Directions:
Only an exact copy of the entries, stripped of pictures, will serve as the answer.

-- The input follows --

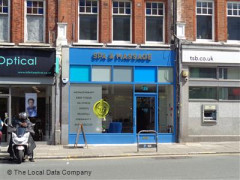 Spa & Massage image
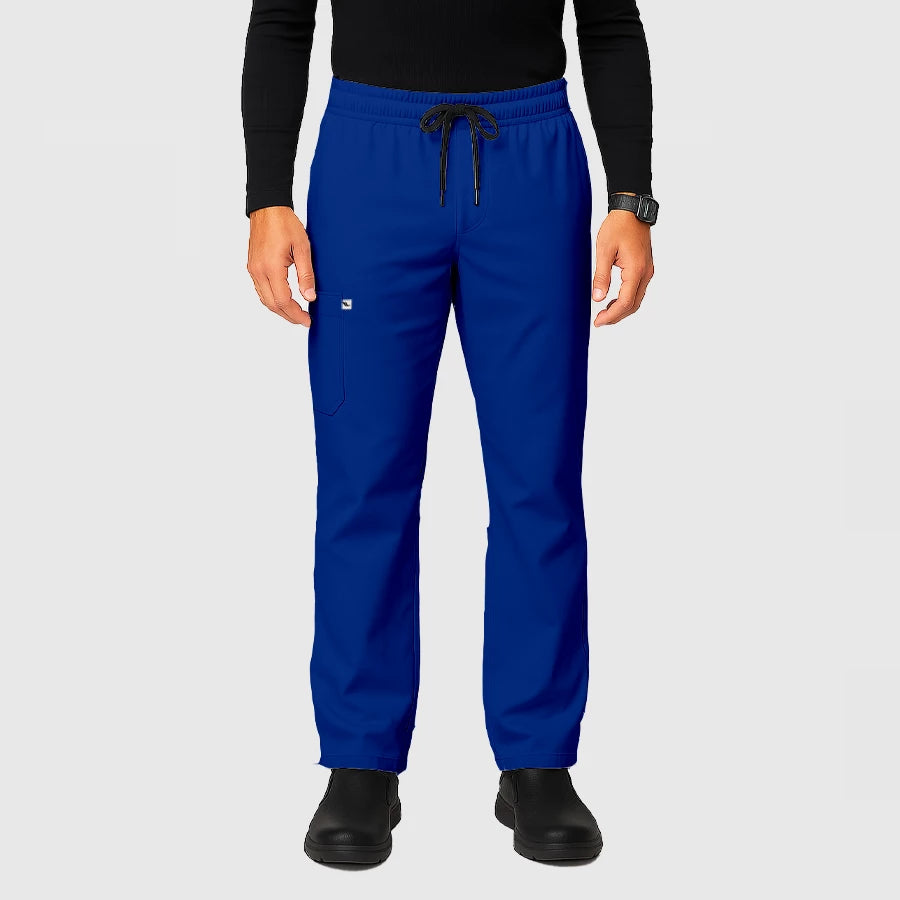 Pantalon Médical Homme – Stretch Confort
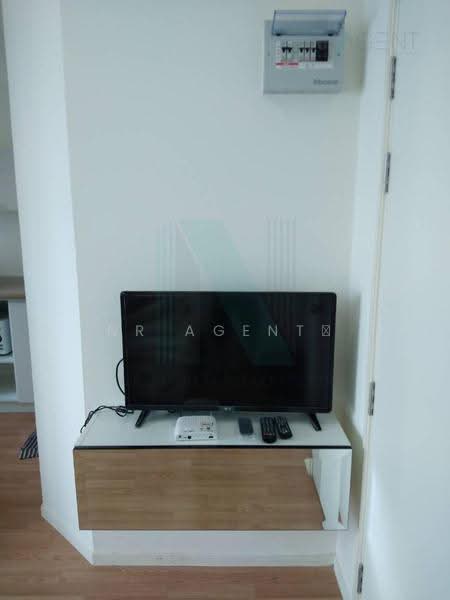 Lumpini Ville Ramkhamhaeng 60/2, Bangkok, 7 Soi Ramkhamhaeng 60/1, Ramkhamhaeng Road, Hua Mak, Bang Kapi, Bangkok, 1 Bedroom, 23 sqm, Condo For Sale, by NR AGENT, 500550537 - DDproperty.com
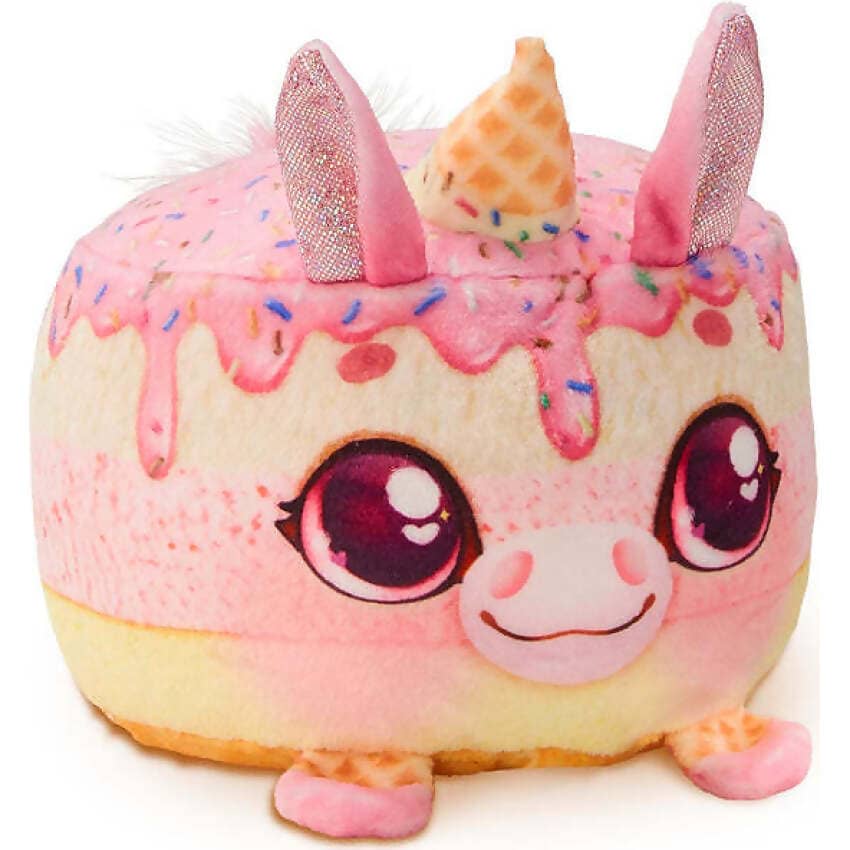 Cookeez Makery - Series 2 Freezy Cakez Fridge Playset - Image 7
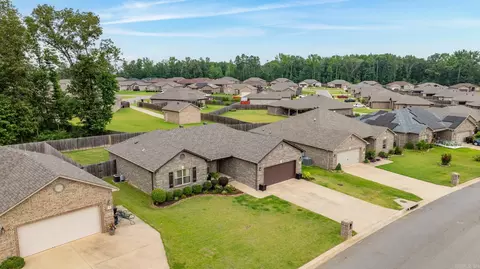 16 Timber Ln, Austin, AR 72007 photo 8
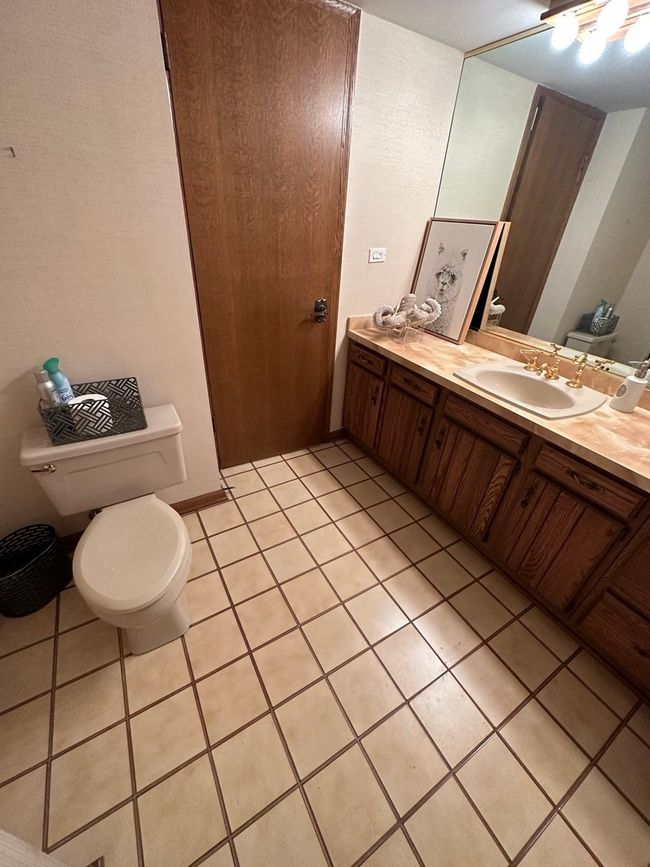 452 Hiawatha Trl, House other with 4 bedrooms, 3 bathrooms and 2 parking in Wood Dale IL | Image 14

-- The input concluded --

Answer:
 Spa & Massage image
 Pantalon Médical Homme – Stretch Confort
 Lumpini Ville Ramkhamhaeng 60/2, Bangkok, 7 Soi Ramkhamhaeng 60/1, Ramkhamhaeng Road, Hua Mak, Bang Kapi, Bangkok, 1 Bedroom, 23 sqm, Condo For Sale, by NR AGENT, 500550537 - DDproperty.com
 Cookeez Makery - Series 2 Freezy Cakez Fridge Playset - Image 7
 16 Timber Ln, Austin, AR 72007 photo 8
 452 Hiawatha Trl, House other with 4 bedrooms, 3 bathrooms and 2 parking in Wood Dale IL | Image 14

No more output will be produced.